Whatever Curling Is Gets Lots of Olympic Attention
Curling has several things working in its favor during the 2010 Winter Olympics. First and foremost, the Games are in Canada this year. Canadians love their curling. Second, the Canadian women’s team is getting crazy press because they’ve got a 5 ½ months-pregnant player on their team. And then there’s the matter of Norway’s pants. Those Norwegians have some crazy pants, and they’ve already proven that they aren’t embarrassed to wear them. They should be, but, in a sport that 90% of the world doesn’t even know exists, they are unafraid to let their collective freak flag fly. And, just in case the Americans were switching to reruns of Golden Girls whenever curling came on, Canada decided to call their ‘Skip’ (that’s Canadian for ‘Captain’) by the nickname ‘The Michael Jordan of Curling’. Yeah, Americans have all heard of him. That’ll get us to watch.

Do you need another reason to watch?
Does any of this add up to a wild American curiosity about something that more-or-less adds up to shuffleboard-on-ice?
Evidently so, because everyone is talking about it. Mostly, they’re saying, “I don’t think I really understand curling”, but they’re watching while they try to figure it out.
Curling is great for a whole bunch of reasons.

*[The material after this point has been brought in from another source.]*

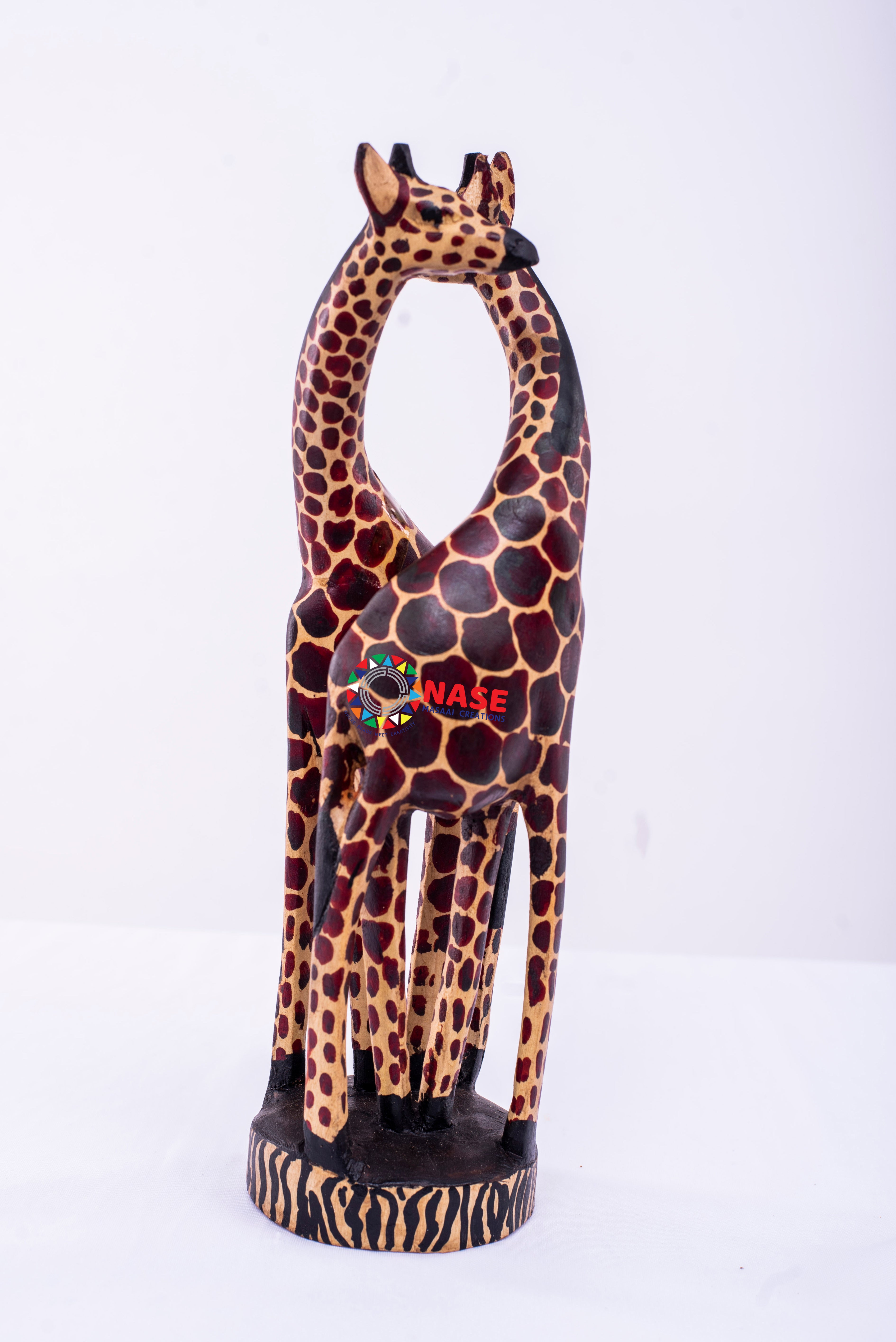 HUGGING GIRAFFE CARVINGS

1. You can be really pregnant and still play, for example. It isn’t a contact sport. Some question whether or not it’s a sport at all. Kristie Moore, the famous pregnant Olympic curler, came under fire for being the ‘most pregnant woman to compete in the Olympics’. She and her boyfriend (actually, she’s been wearing an engagement ring for four years, but has made no plans to marry yet) decided to start a family before the possibility of playing in the Games came up. When she was asked to be an alternate on the team, they were totally unfazed when she told them of the baby on the way. Moore’s mother, a curler herself, was playing until a week before Kristie’s older brother Chad was born. That’s how curlers roll, you see.
2. You can be about 100 and still play. Since curling isn’t the most physically demanding of sports and lacks the kind of danger of skiing or snowboarding, players can play forever. The ‘Skip’ of the Canadian women’s team is 43-year-old Cheryl Bernard. The ‘Michael Jordan of curling’ is another 43-year-old Canadian, Kevin Martin, also known as “K-Mart” (I kid you not). He can, evidently, ‘release his rock’ and ‘talk it all the way to the house’. That’s how points are scored, with the ever-entertaining help of two teammates with “brooms” who furiously brush them on the ice to heat it and, thusly, help the “rock” towards its bullseye-like target.
3. With a “rock” consisting of 42 pounds of granite and a handle, it actually sounds like it might be strenuous to “throw” it.
4. You get to wear special shoes that enable you to both slide (if you’re ‘throwing’) or shuffle (if you’re “sweeping”).
5. Some of the “brooms” look just like brooms. Some look more like whiteboard erasers on the end of a stick. And they are personalized not only per team, but also by the individual player.
6. The sport was created 500 years ago in Scotland, when it got too cold to play golf, which leads us to:
7. Three words: Norwegian Curling Pants.
8. 90 minutes into the game, they stop to have a nosh. The Chinese women brought strawberries yesterday. The Swiss chose melon. Some make time for some nice hot tea.
Curling is the second most popular sport in Canada—after hockey, of course. And why shouldn’t it be (aside from the notion that most of us hadn’t heard of it until those crazy Norwegians took to the ice in red, white, and blue diamond-print pants)? One would think it would be popular with South Florida residents, many of whom wear loud trousers and funny hats to play the warm-weather version, called ‘shuffleboard’. The thing is, curling has been around for 500 years, and no one ever talked about it until the 2010 Winter Olympics. It was a secret that the Canadians have been keeping from its neighbors to the south all this time.
It would’ve been okay if they kept it a little bit longer.